Safe Lifting in the Workplace

Safe Lifting in the Workplace

Despite a litany of possible safety issues, the leading cause of workplace injury is unsafe lifting and such injuries can be particularly troubling because it can be difficult to treat.

As a matter of fact, the Bureau of Labor Statistics reported that more than 36 percent of injuries involving missed workdays were the result of shoulder and back injuries.   Lifting something improperly can cause a back to spasm, which is extremely painful. In some cases, however, there is little that can be done to fix the problem quickly and doctors often prescribe rest and pain killers, which can cause employees to miss a lot of work. 

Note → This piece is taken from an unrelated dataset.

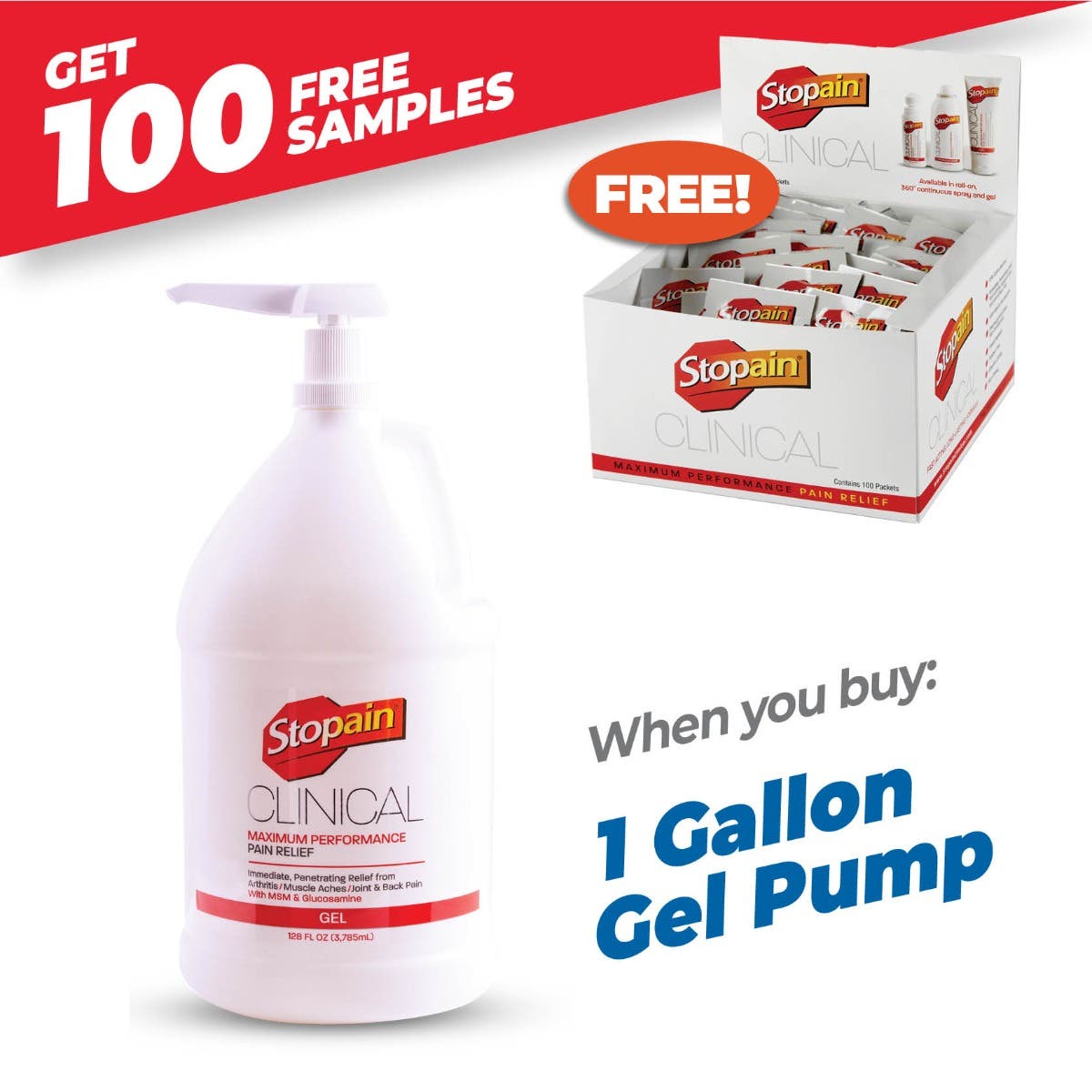 Stopain Buy 1 Gallon Pump and Receive Free 100ct Sample Packet Box 99$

An item doesn’t have to be a particularly heavy object to cause serious injuries, although the weight of an item can certainly increase the risk. 
Training employees to use smart lifting practices will result in them less likely to suffer from back sprains, muscle pulls, wrist injuries, elbow injuries, spinal injuries and other injuries caused by lifting heavy, awkward objects. 

Prevention is the optimal way to deal with lifting-related back injuries.  Establishing a standard set of rules regarding lifting will keep your employees safer and can help dramatically reduce the number of such injuries.  Informing and educating your employees about the real risks of unsafe lifting also will encourage employees to give a situation a second thought, rather then make an unwise decisions. 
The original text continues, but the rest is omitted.